Les Barons, un film tendre et hilarant
En sélection officielle au Festival international du film de Marrakech, Les Barons, de Nabil Ben Yadir, a fait hurler la salle de rire. Notre envoyée spéciale était sur place.
Ca y est, c’est officiel ! Des fous rires ont enfin fait trembler les murs de la salle pendant la projection d’un film en sélection officielle: Les Barons, du réalisateur belge Nabil Ben Yadir.
Le casting, déjà, fleurait bon l’humour décalé. On retrouve Amelle Chahbi qui doit sa notoriété au Jamel Comedy Club et qui a fait ses classes d’humoriste avec le groupe français de stand up Barres de rire. Quant à Julien Courbey, que le public a découvert dans Le ciel, les oiseaux et ta mère, il livre encore une prestation bien à lui. « Je continue mon petit bonhomme de chemin et ma carrière atypique » dit-il, assis dans un coin, son éternel chapeau vissé sur la tête.
Pour écrire son film, Ben Yadir s’est inspiré de sa propre histoire. « Tout ce que vous avez vu est vrai », dit-il. Il raconte avec une légèreté et un sens aigu de la dérision le quotidien de trois « barons » – des copains d’enfance d’une trentaine d’années -, dont le seul but dans la vie est d’en faire le moins possible. Pieds nickelés, loosers au cœur tendre, ils trainent leur paresse entre l’épicerie du quartier et la BMW qu’ils ont acheté… à huit ! Mais ne cherchez pas ici de description sociologique de la communauté maghrébine en Belgique.
Tout en jetant un regard tendre sur sa communauté, Nabil Ben Yadir s’interdit de la disséquer ou de la stigmatiser. Il n’y a ici ni discours politique, ni clichés lénifiants sur le voile ou sur les relations entre hommes et femmes. Les maghrébins sont des gens comme les autres et le réalisateur a eu l’intelligence de les filmer avec un grand naturel.
Peut être s’est il inspiré d’une remarque que lui avait faite sa mère. « Nabil, pourquoi quand il y a des films sur nous, c’est toujours méchant, c’est toujours triste, pourquoi y a-t-il toujours de la pluie et la police ? », se plaignait-elle. Alors, quand il parle de racisme ou du tabou lié à la virginité, c’est en passant par le bon mot d’un personnage qui vous fait autant rire que réfléchir.

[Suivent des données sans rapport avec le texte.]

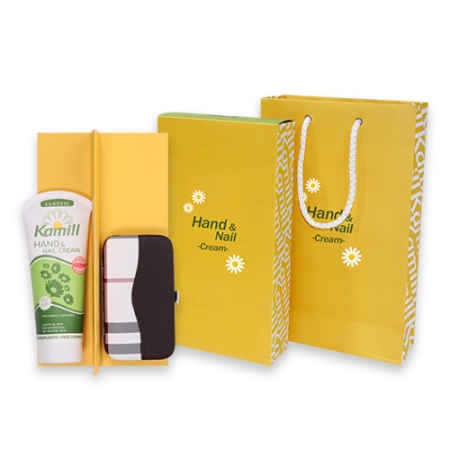 카밀핸드크림 클래식, 체크파우치 손톱깎이7종세트 #2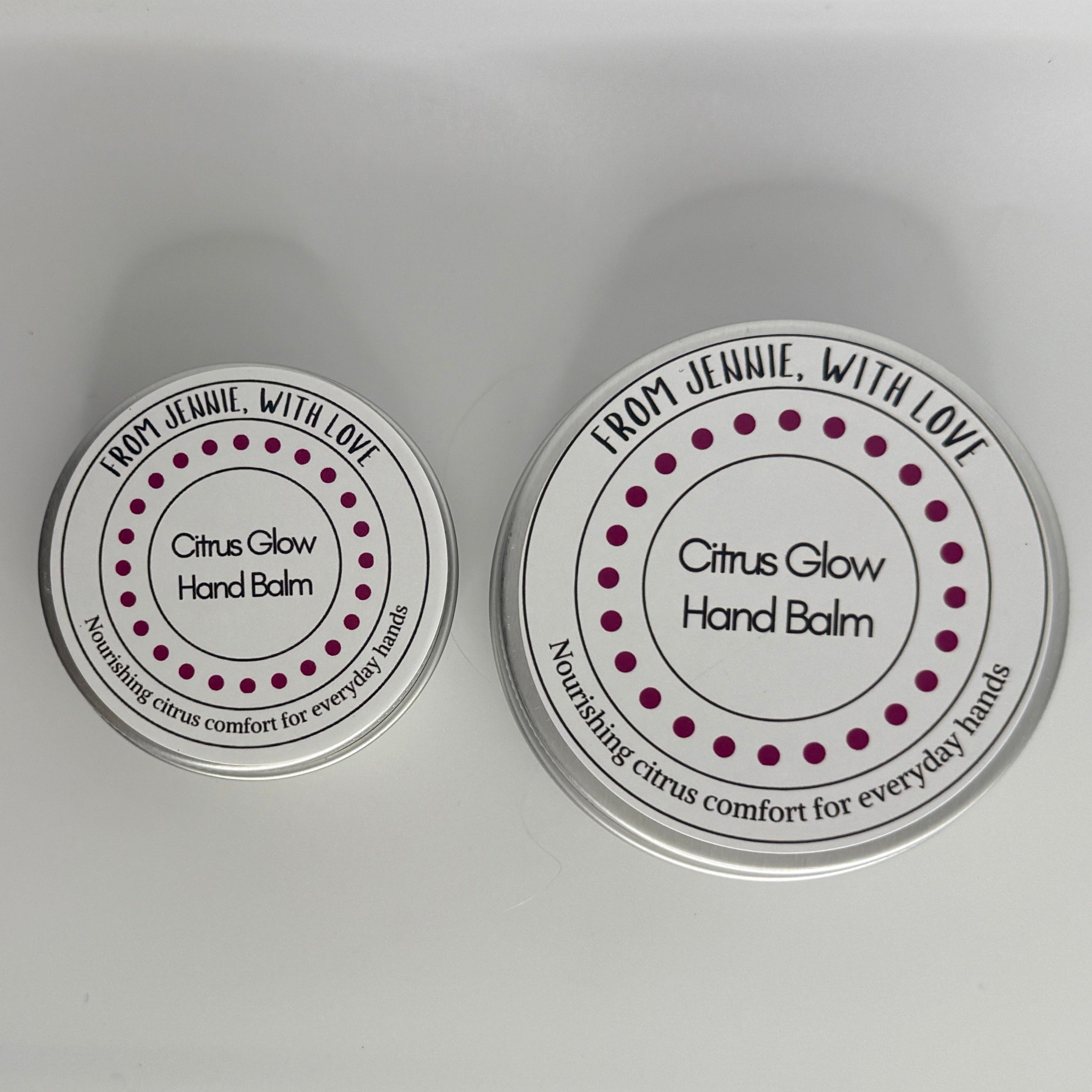 Botanical Balms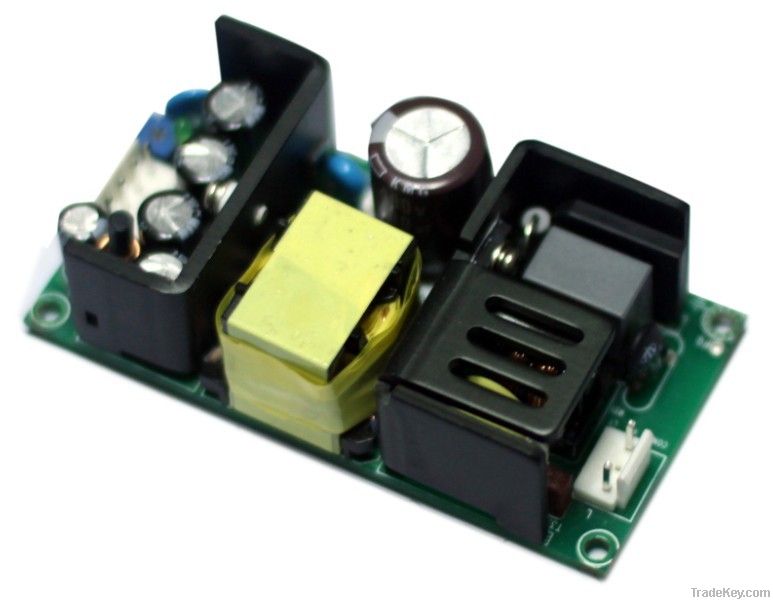 60W OPEN FRAME SIGNAL SWITCHING POWER SUPPLY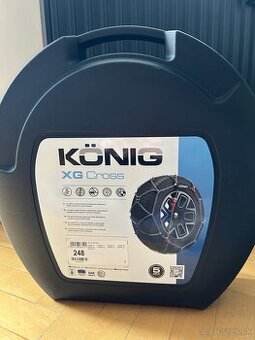 Snehove retaze Konig XG 248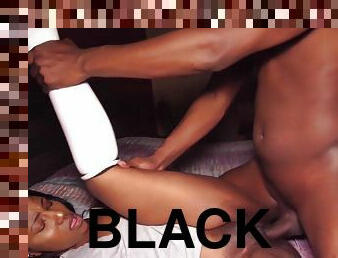 Amaing black girl hardcore - amateur ebony sex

Ce qui fait la force du film, c’est bien sûr l’humour qui est à la fois le moteur et le sujet principal. L’un des « barons », Hassan, se rêve en humoriste mais n’ose pas avouer ses ambitions théâtrales à son père, interprété par l’excellent Salah Eddine Benmoussa. Celui-ci a trouvé une place de chauffeur de bus à son fils et, de situations cocasses en quiproquos, le spectateur est entraîné dans une sarabande de scènes qui mêlent l’humour belge à celui des blagues populaires marocaines. Les apparitions d’Edouard Baer et de Fellag viennent encore ajouter un peu de piment à un film qui n’en manque pas.
Nabil Ben Yadir parle de ce qu’il connaît et cela se ressent. Son œil est tendre sans être complaisant, drôle sans être superficiel. Car derrière l’ode à la famille, à l’amitié et à son quartier, le réalisateur pose une question quasi-tragique : peut-on grandir sans quitter les siens, sans trahir ses amis, sans s’évader de chez soi ?
Les Barons est un élégant hommage à cette noblesse du cœur dont le rire, qui sauve de tout et guérit toutes les blessures, est l’une des plus nécessaires vertus.